> DATA PROVIDED:
________

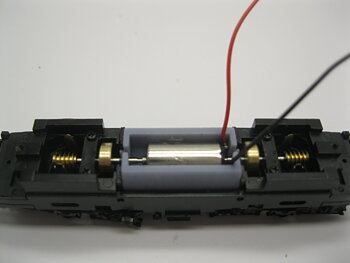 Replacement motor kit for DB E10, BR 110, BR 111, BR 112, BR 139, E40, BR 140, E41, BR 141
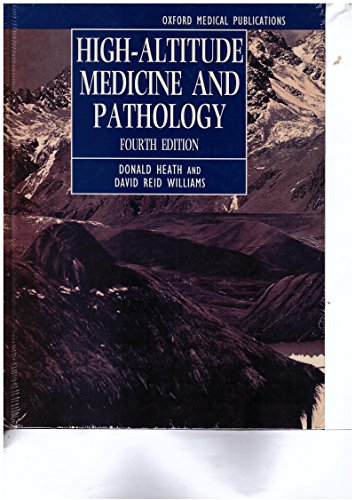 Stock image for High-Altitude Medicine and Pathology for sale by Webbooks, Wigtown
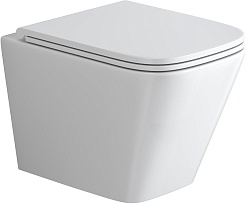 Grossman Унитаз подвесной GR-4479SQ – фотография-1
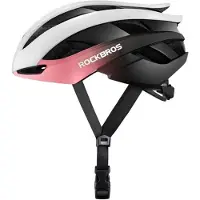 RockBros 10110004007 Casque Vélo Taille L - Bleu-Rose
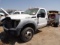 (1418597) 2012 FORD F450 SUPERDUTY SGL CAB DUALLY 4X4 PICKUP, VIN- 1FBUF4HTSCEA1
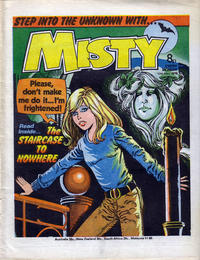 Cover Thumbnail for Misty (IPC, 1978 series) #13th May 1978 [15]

________

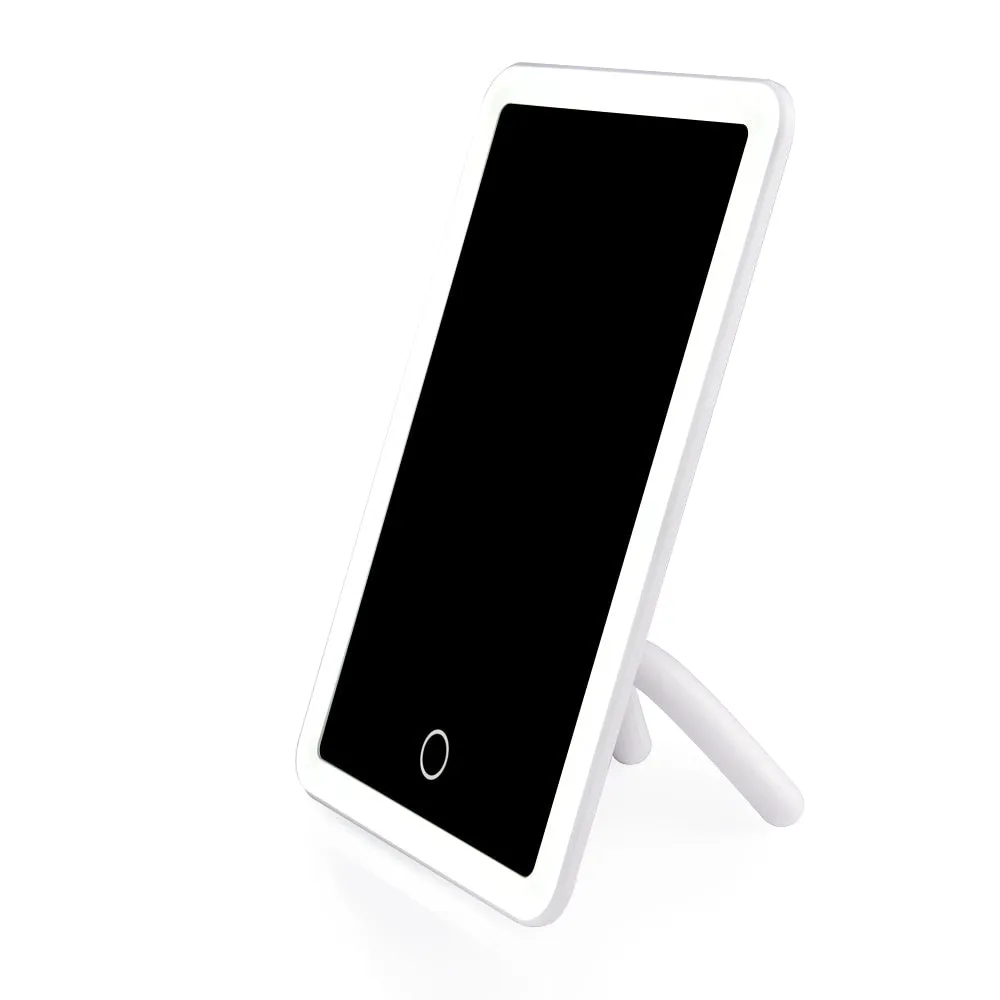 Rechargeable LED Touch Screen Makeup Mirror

________

> ACTIVITY: Return exactly the stretch above whose first line contains "Replacement motor kit" and whose last line contains "Cover Thumbnail for", and nothing outside it. The pictures should not appear.

> PROBLEM SOLUTION:
 Replacement motor kit for DB E10, BR 110, BR 111, BR 112, BR 139, E40, BR 140, E41, BR 141
 Stock image for High-Altitude Medicine and Pathology for sale by Webbooks, Wigtown
 Grossman Унитаз подвесной GR-4479SQ – фотография-1
 RockBros 10110004007 Casque Vélo Taille L - Bleu-Rose
 (1418597) 2012 FORD F450 SUPERDUTY SGL CAB DUALLY 4X4 PICKUP, VIN- 1FBUF4HTSCEA1
 Cover Thumbnail for Misty (IPC, 1978 series) #13th May 1978 [15]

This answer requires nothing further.